Okay, I’ll admit it. I have a thing for celebrity chefs. Jamie Oliver, Gordon Ramsay, Anthony Bourdain… I watch all of their shows (except the competition-style shows, I’m not a fan of those). Teaching people how to cook? Trying to salvage crappy restaurants? Exploring the world and the foods therein? I enjoy all of that.
One of the most practical outcomes of my binge-watching was finding the recipe and tutorial video for Kerryann’s Hidden Vegetable Pasta Sauce, which was linked to in Jamie Oliver’s recipe for Quick Family Pizza. Tomato sauce isn’t unhealthy in the first place, but I like the idea of hiding extra veggies in there.
That being said, whenever I make the sauce it comes out kind of a brownish-green instead of the orange-red in the videos. I think it’s because the vegetables that you typically buy here in Canada are bigger than their British equivalents. This is something I’ve run into a few times now when I’ve made non-Canadian recipes. It’s fine when the instructions are by weight or volume, but it’s possible to get unintended results if the measurements are by the number of fruit or vegetables. Just based on the size of the produce in the tutorial video, I know the ones I get at the grocery store here are bigger. Maybe they’re a different subspecies here? Or the soil is better? Or, if they’re imports, that we import them from a different source? Whatever the reason, I’d recommend adding more tomato puree and chopped tomatoes to the recipe if you’re cooking this in North America and want a properly red sauce. A few more carrots probably would help add to the base colour as well.
(Also, here courgettes are called zucchini; aubergines are called eggplants; tomato puree in tubes is almost unheard of, but you can get tomato paste in cans; and passata is not a commonly-found ingredient — it’s easier to find cans of chopped tomatoes.)
That being said, no matter the colour of the sauce, it tastes delicious, and my kids gobble it up, so I keep making it. I love that I can make it in huge batches and then freeze it to use again later. I’ve used the Hidden Veg sauce on noodles and on pizza, but I’ve also used it to make a lovely lasagna.
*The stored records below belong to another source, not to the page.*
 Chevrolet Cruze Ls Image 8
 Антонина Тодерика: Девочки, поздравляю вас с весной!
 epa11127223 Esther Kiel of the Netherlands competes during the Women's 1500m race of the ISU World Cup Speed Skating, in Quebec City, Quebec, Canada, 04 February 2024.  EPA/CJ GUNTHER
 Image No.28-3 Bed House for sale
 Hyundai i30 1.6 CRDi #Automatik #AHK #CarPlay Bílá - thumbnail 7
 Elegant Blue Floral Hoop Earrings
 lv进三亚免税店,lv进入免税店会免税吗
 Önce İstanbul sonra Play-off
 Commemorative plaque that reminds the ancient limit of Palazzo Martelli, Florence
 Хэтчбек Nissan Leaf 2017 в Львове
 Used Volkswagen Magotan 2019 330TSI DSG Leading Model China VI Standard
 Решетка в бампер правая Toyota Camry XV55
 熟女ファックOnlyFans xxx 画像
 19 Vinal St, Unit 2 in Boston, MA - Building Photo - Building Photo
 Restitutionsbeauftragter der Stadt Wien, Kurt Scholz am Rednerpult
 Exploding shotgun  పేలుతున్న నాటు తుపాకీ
Easy Hidden Vegetable Lasagna
Yields one 11″ x 17″ casserole (8 servings)
Sauce Mixture
Peel and chop:
– 1 small white onion
– 1 clove garlic
In a frying pan, heat:
– 1 tsp olive oil
Cook gently until onions are translucent, being careful not to burn.
Add to frying pan:
– 1lb ground turkey*
Season meat with:
– pinch of salt
With a spatula, break up clumps of ground meat. Cook meat until it is no longer pink in the middle and the outside is lightly browned. Pour off any grease.
Add to frying pan:
– 2 cups Kerryann’s Hidden Vegetable Pasta Sauce**
Simmer for 10min.
Noodles
While sauce is simmering, cook in a large pot of water according to package directions, until not quite al dente:
– 6 vegetable or spinach lasagna noodles***
Drain noodles and set aside.
Cheese Mixture
In a mixing bowl, crack and beat:
– 2 large eggs
To the eggs, add:
– 250g ricotta cheese
– 2 cups grated mozzarella cheese
Set cheese mixture aside.
To a 11″ x 17″ (2 quart) casserole, add the ingredients you’ve prepared in the following order, from bottom to top, spreading them evenly over the dish:
– half of sauce mixture
– 3 noodles (slightly overlapping)
– all cheese mixture
– 3 noodles (slightly overlapping)
– half of sauce mixture
Over top of casserole, spread:
– 1 cup grated mozzarella****
– 1/3 cup grated Parmesan (fresh or dried)*****
Preheat oven to 350°F (175°C). Bake for 40 minutes. Sauce should be bubbling around edges and cheese topping should be lightly browned.
Serve as is, or with garlic bread and a Cesar salad.
*Lean ground beef may be substituted for turkey.
**Your favourite spaghetti sauce may be substituted for Kerryann’s Hidden Vegetable Pasta Sauce.
***Traditional or whole wheat lasagna noodles may be substituted for vegetable or spinach lasagna noodles.
****Sharp cheddar cheese may be substituted for mozzarella.
*****Fresh-grated Parmesan from the deli will make a smooth top layer, while a dried Parmesan from the pasta aisle (like the Kraft kind) will create a slightly crunchy topping. My family prefers the texture of the latter, but both are tasty.